Digital interface kit for your uBITx

David N8DAH is now producing a very handy digital interface kit.  This is a Gordon Gibby KX4Z design, and it features:

  • On board 5v regulator that you can power from 12-13.8v or you can leave it off for direct 5v input.
  • Built in VOX PTT via reed relay
  • PTT LED
  • Input and Output gain control
  • Audio Isolation transformers 600:600ohm

The kits are available for:

US$15 unassembled or US$20 assembled

https://shop.kit-projects.com/index.php?route=product/product&path=59&product_id=120

Reference

Full SDR receive with G4HUP buffer amp

SM0JZT has installed a  G4HUP buffer amplifier in his µBITx and uses an RTL-SDR dongle externally.  This is an alternative to the approach used by KD8CEC to add an RTL-SDR that gives much wider bandwidth (i.e. the bandwidth is not limited by the 45MHz filter).   The G4HUP buffer amplifier can be purchased here in either fully built-up form or in kit form.  Order the 50MHz unit is what you need (it has an LPF above 50MHz and requires no modifications to work on 45MHz).

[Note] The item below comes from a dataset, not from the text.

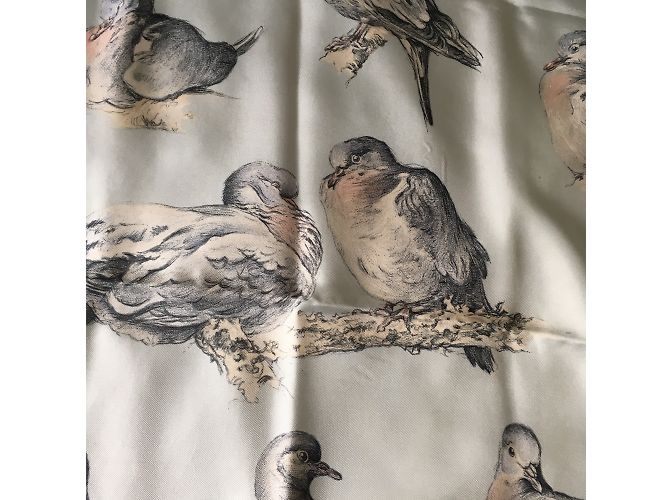 Hermès Sciarpa di seta les touterelles Xavier de Poret Beige - vista 4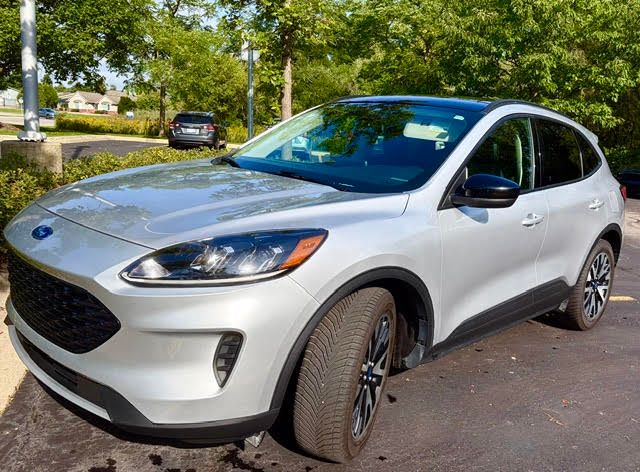 Used 2020 Ford Escape SE Sport AWD/4WD image 1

This gives you the best of worlds – a low-cost transmitter and an equally low-cost SDR receiver.   Thanks to SM6MOJ for bringing this to our attention.

Reference

A 3.5″ screen for digital modes/ rig control on the front panel

Vince, N2AIE,  worked Tom VE3THR and Bill NG1P tonight on 7.277 out of his QTH in Cedar Rapids IA.  These were his first uBitx contacts with other uBitx and bitx40 rigs.

Vince has loaded (after some angst) the KD8CEC firmware, and has the rig interfaced with Ham Radio Deluxe (in both directions).  His rig also has a 3.5in touchscreen Raspberry pi for digital modes built in on the right hand side of the front panel as illustrated above.

Take a look at the rear panel of his rather attractive build:

An independent audio output for your computer

 

Walter W9KJO in writing to the list says,

” The yellow wire on the volume control does not have enough audio for my Signal Link to work with.  I have to reconnect to the 3.5mm Audio Out jack and turn the volume up about half way.  which is too loud for my headphones so I need to install a second 3.5mm for my Head Phones.  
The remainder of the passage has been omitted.